If it was the Government’s intention to use the PC’s inquiry as a mechanism to help achieve its policy outcomes, then the strategy has not only run out of time but it has also run headlong into the uncertainties generated by the Royal Commission.

What needs to be remembered about the Productivity Commission’s (PC’s) latest draft report on Efficiency and Competitiveness in the Superannuation Industry is that it, ultimately, it represents a set of recommendations which will be cherry-picked by the Government of the day.

The PC began its inquiry into the efficiency and competitiveness of the industry back in 2017 and has traversed the question of how to assess competitiveness and efficiency before last year moving on to alternative default models and this year moving on to the broader questions covered in its current draft report.

Responses to the current draft report are due by 13 July before the PC delivers its final report, probably in September/October, which means that the current Government will have precious little time to act on its final recommendations before the electoral clock for the 2019 Federal Election starts ticking in earnest.

In other words, it was the Treasurer, Scott Morrison, who provided the PC with the original terms of its reference for its current inquiry, but all the current opinion polls suggest it will be an Australian Labor Party Government led by Bill Shorten which decides which of the PC’s recommendations are actually translated into policy.

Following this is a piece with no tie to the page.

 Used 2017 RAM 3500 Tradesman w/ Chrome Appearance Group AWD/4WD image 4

On that basis, some significant question marks must hang over the PC’s recommendations with respect to the selection of default funds, and the continuing involvement of the industrial judiciary in the superannuation equation.

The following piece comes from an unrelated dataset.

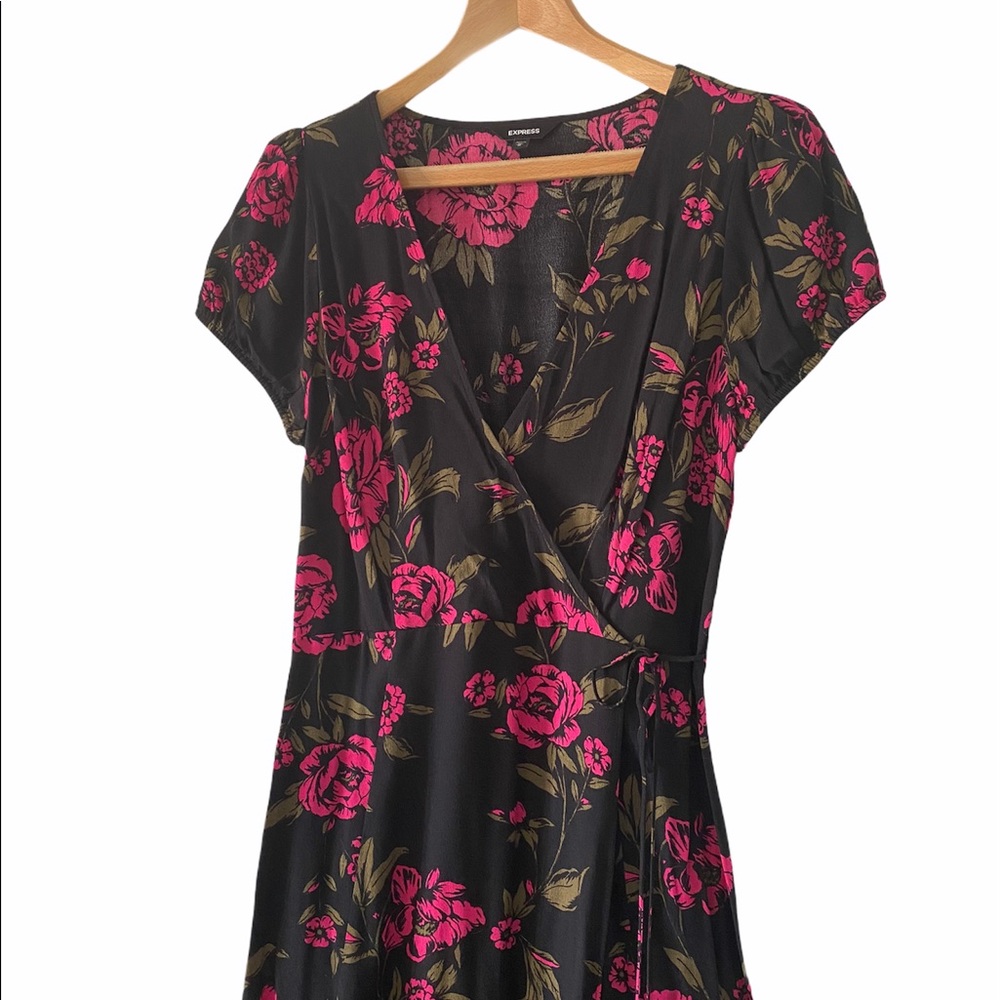 EPRESS Faux Wrap Short Sleeve V-neck Dress M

Similarly, there is no great appetite within the Australian Labor Party for the Government’s ongoing push to change the governance structure of superannuation funds to a majority of independent directors.

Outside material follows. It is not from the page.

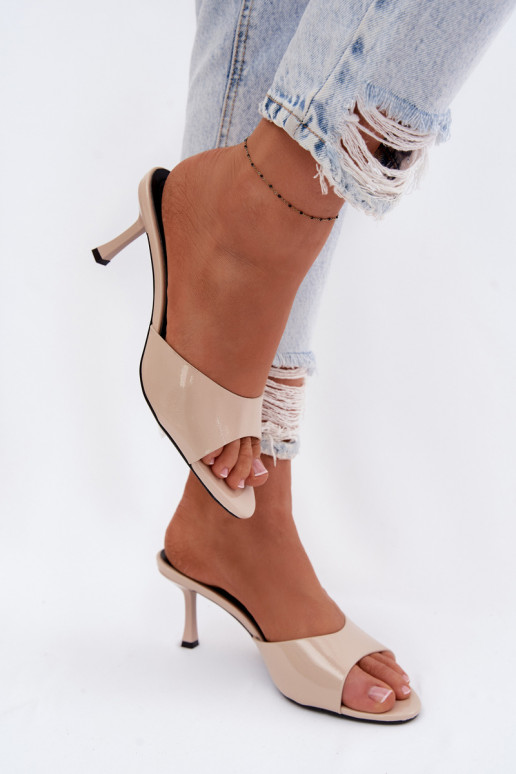 com efeito verniz ChinelosImitacji Skóry com salto fino bege Melissea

What the PC’s inquiry exercise proves is that where making changes to an industry as fundamentally complex as superannuation is concerned, Australia’s political cycle of three-year parliamentary terms is too short to achieve meaningful change unless a large measure of bipartisanship already exists.

Allied to all of the above is that, in any case, the Royal Commission into Misconduct in the Banking, Superannuation and Financial Services Industry is still on foot and seems likely to be extended beyond the initially proposed September reporting date.

On that basis, it would be both premature and unseemly for the Government to act on any of the PC’s recommendations in the absence of finding what emerges from the Royal Commission’s hearings on superannuation, which seem unlikely to be completed before the end of August.

If it was the Government’s intention to use the PC’s inquiry as a mechanism to help achieve its policy outcomes, then the strategy has not only run out of time but it has also run headlong into the uncertainties generated by the Royal Commission.